My first reaction was one of irritation — when I was a kid and we went to a stranger’s house, we would never in a million years touch that person’s stuff without permission, let alone climb on his or her furniture! My mom wasn’t the type to spank us (I sure like to be spanked now, but that’s another story), but I have friends whose folks would have beat the stuffing out of them had they acted like this in a stranger’s house. I started relaxing once I started playing with the kids instead of freaking out about the way they were playing. It took me an hour to clean the place and put everything back after they left. The next morning, I tried to put a cultural perspective on it: In the US, we’re all about private property and private ownership. You don’t touch my shit. It’s an individualistic culture. Korea has a collectivist culture, so people share things. Everyone here is family. When I thought about it like that, I felt honored that the kids and their moms treated me like family… but still a bit rankled. Finally, I realized that the kids actually got to play and how valuable that it to them. In Korea, children study all the damn time. They never have the space or time to just be kids, and they got to be free for a couple of hours in my apartment, which is great. As they were leaving, their moms told me that all of their kids wanted to have their birthday parties in my house. “You couldn’t pay me enough,” I said, smiling.
Playing with kids generally makes me happy.

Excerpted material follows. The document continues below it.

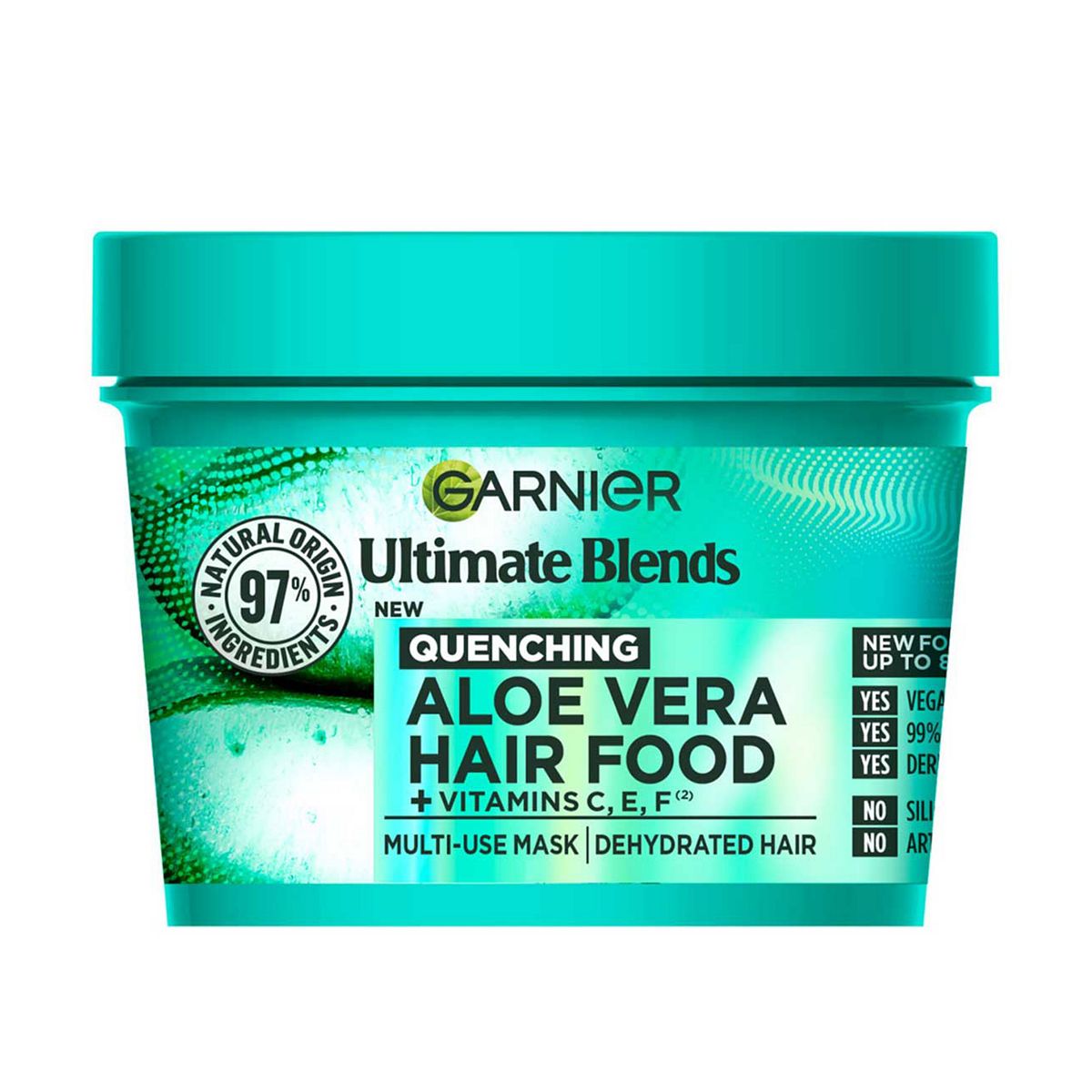 Garnier Ultimate Blends Hair Food Aloe Vera 3-In-1 Normal Mask Treatment 400ml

I was a camp counselor for a long time, and actually enjoy running around with children — as long as it’s not in my house. They were pretty cute kids, and it was fun, but the best part of it all is that I no longer have baby fever. So, readers, if you’re experiencing this bizarre malady and wish to rid yourself of it, I recommend inviting five unruly children into your personal space.
*Actually, when I was a high school student, I fully planned on having kids some day… and then I became a teacher, and that ruined that.